Aguirre was born in Ferrol, Galicia, on 5 October 1925. He studied humanities and philosophy at the Facultad Eclesiástica de Alcalá, natural sciences at the University of Madrid in 1955, and theology at the University of Granada. He was a former Jesuit with a PhD in biological sciences with a thesis on extinct elephants, supervised by Miquel Crusafont i Pairó.[1][2]

Between 1955 and 1956, Aguirre was a prospector of dinosaur sites in the Tremp Basin [es], where he helped excavating the remains of Abditosaurus, and a prospector and discoverer of thirty new marine and continental Cenozoic sites in Granada between 1956 and 1961.[3]

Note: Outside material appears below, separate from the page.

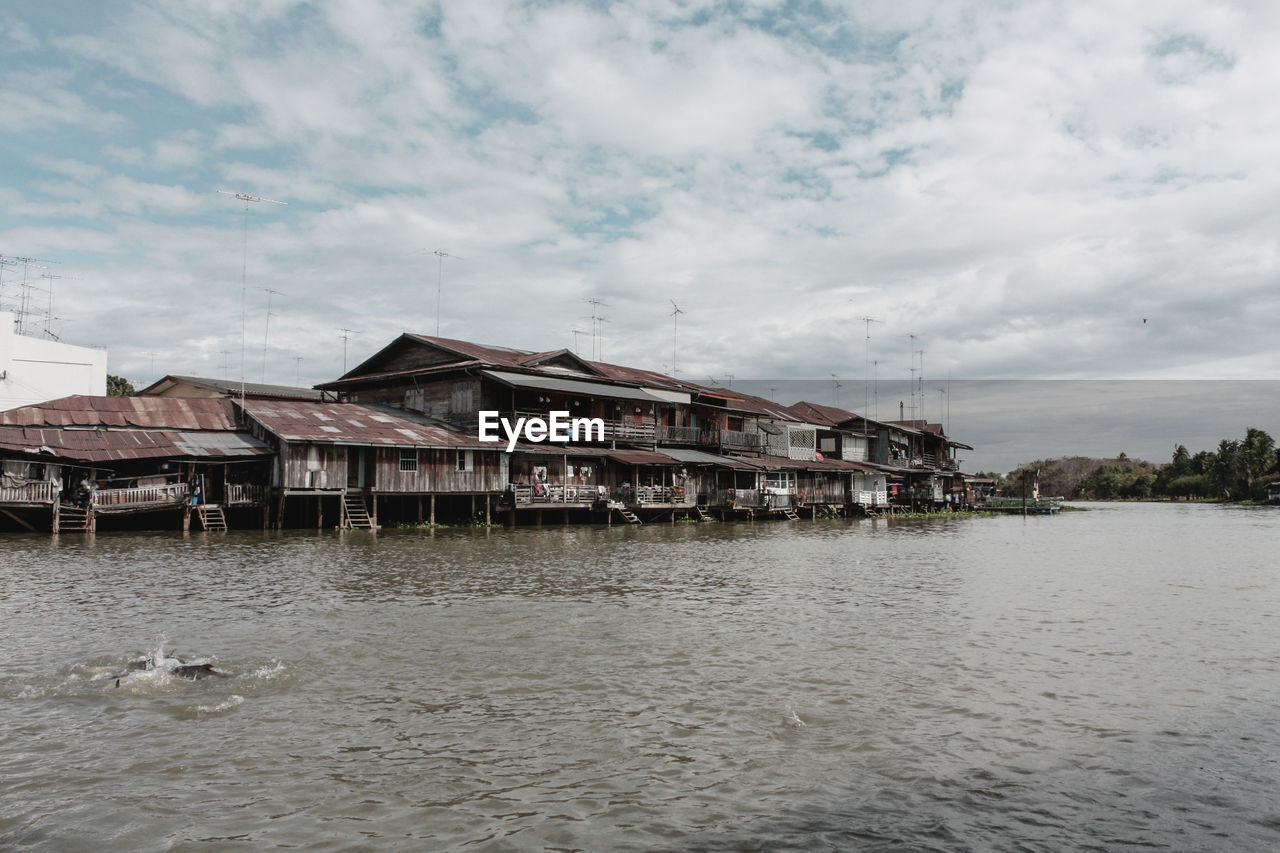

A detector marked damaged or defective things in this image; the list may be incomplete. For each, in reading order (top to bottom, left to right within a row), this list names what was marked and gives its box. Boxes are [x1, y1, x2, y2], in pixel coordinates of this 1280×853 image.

rusty corrugated metal roof [241, 399, 491, 448]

Aguirre's first excavations were carried out in the 1960s. Between 1961 and 1963, he excavated, together with Francis Clark Howell, the paleontological site of Torralba and Ambrona, using new multidisciplinary methodologies.[4] In 1963, he designed the Arbona Museum, the first museum with in situ exhibition of fossil remains in Europe.[5] In 1963, he was part of the Spanish Mission of Archaeological Salvage in Nubia, in which he studied the human remains at the necropolis of Argin (Sudan). In 1968, thanks to a postdoctoral fellowship from the Wenner-Gren Foundation, he traveled to South Africa to study early hominid fossils and to Kenya to excavate in the Tugen Hills with the archaeologist Louis Leakey.[4]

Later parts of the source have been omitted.